Berliner Verlag stoppt Auslieferung von Buch "Oh Boy"
Der Kanon-Verlag hat die Auslieferung des umstrittenen Sammelbands "Oh Boy" gestoppt. Auf Instagram und auf seiner Website teilte Kanon mit, dass man die Kritik an der Veröffentlichung ernst nehme. Das Buch, das sich mit unterschiedlichen Facetten von Männlichkeit beschäftigt, hatte ungewollt eine heftige Debatte über Täterschaft und den Umgang mit Opfern sexualisierter Gewalt ausgelöst.
"Wir sind zu der Erkenntnis gelangt, dass dessen Veröffentlichung ein Fehler war", so Kanon. Als Konsequenz habe man bereits am Freitag die Auslieferung gestoppt. "Alle digitalen Formate und eventuelle Nachauflagen von 'Oh Boy' wird es nur noch ohne 'Ein glücklicher Mensch' geben."
Verlag nennt Veröffentlichung "Fehlentscheidung"
Der Autor Valentin Moritz berichtet in dem Text darüber, wie er gegenüber einer Frau übergriffig geworden war und wie er anschließend damit umgegangen ist, Täter zu sein. Namen und Orte sind in dem Text nicht enthalten. Dennoch erkannte das mutmaßliche Opfer sich in der Darstellung wieder und machte vor Kurzem öffentlich - auch im Gespräch mit rbb|24 - dass sie Moritz explizit verboten hätte, den Fall für eine Publikation zu nutzen. Valentin Moritz ist nicht nur einer der Autoren, sondern auch Co-Herausgeber des Buchs.
In "Oh Boy" beschreibt Buchautor Valentin Moritz, wie er gegenüber einer Frau sexuell übergriffig geworden ist. Das mutmaßliche Opfer sagt rbb|24, dass das gegen ihren Willen geschehen sei. Eine Geschichte über den Umgang mit Täterschaft. Von Laura Kingston
Der erst 2020 gegründete Berliner Verlag verteidigte zunächst seine Entscheidung, den Text zu drucken; musste aber einräumen, bereits vor Veröffentlichtung darüber informiert gewesen zu sein, dass das mutmaßliche Opfer einer Veröffentlichung explizit widersprochen hatte. Daraufhin distanzierte sich etwa ein Dutzend weiterer Autor:innen, die an dem Buch beteiltigt waren; Kultureinrichtungen sagten Lesungen zu "Oh Boy" ab.

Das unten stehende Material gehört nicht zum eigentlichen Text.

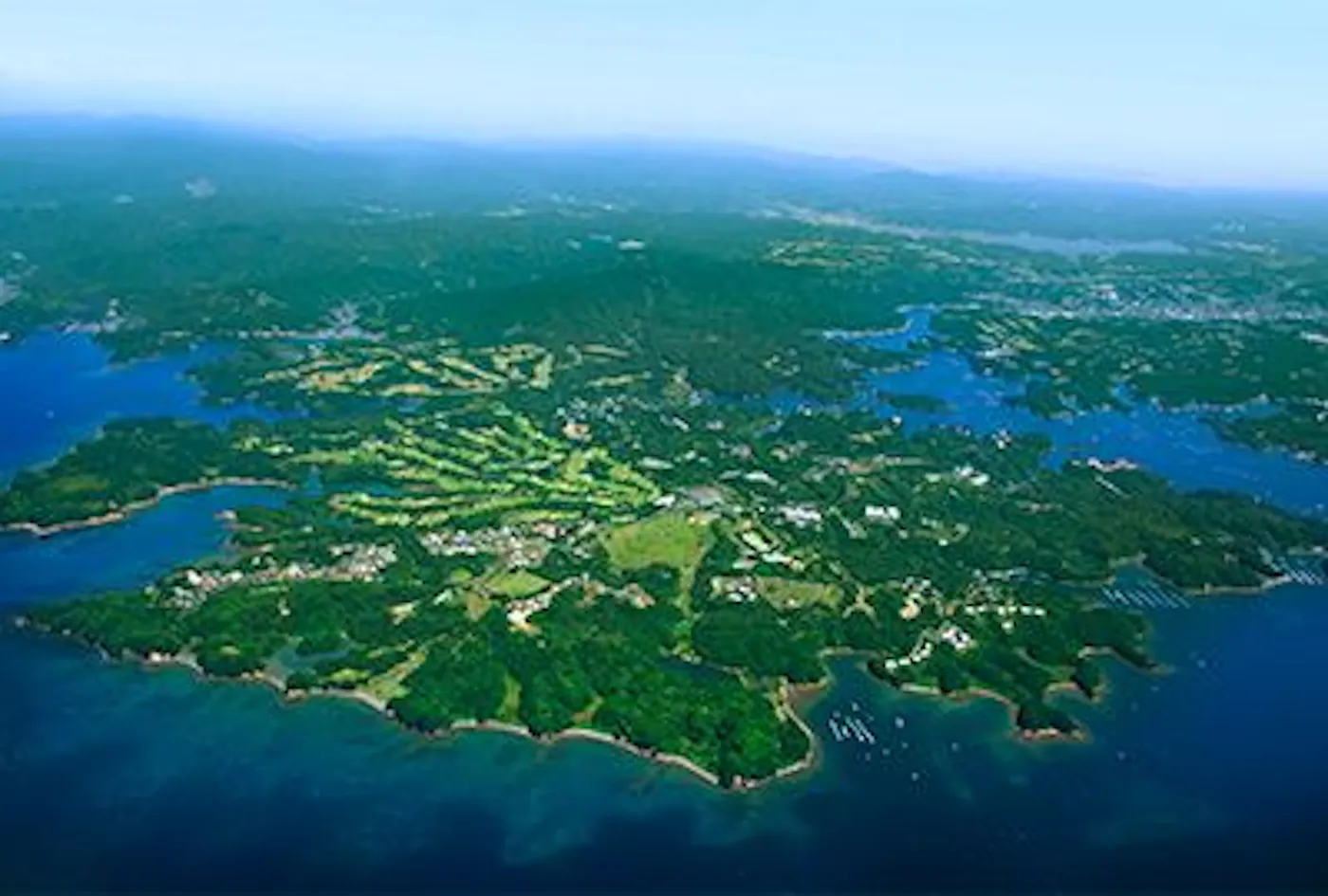 NEMU RESORT：英虞湾に囲まれた敷地の空撮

Den Text veröffentlicht zu haben, bezeichnet Kanon nun als "Fehlentscheidung". Im Vorfeld hätten Verlag und Herausgebende intensiv besprochen, "ob es nicht doch einen Weg geben könnte, dem Nein der Betroffenen zu entsprechen und einen Text über ein Tabuthema zu ermöglichen, in dem es um Scham, Reue und Prägungen geht", so Kanon. "Doch dieser Weg erweist sich als nicht richtig. Das ist uns, leider viel zu spät, klar geworden."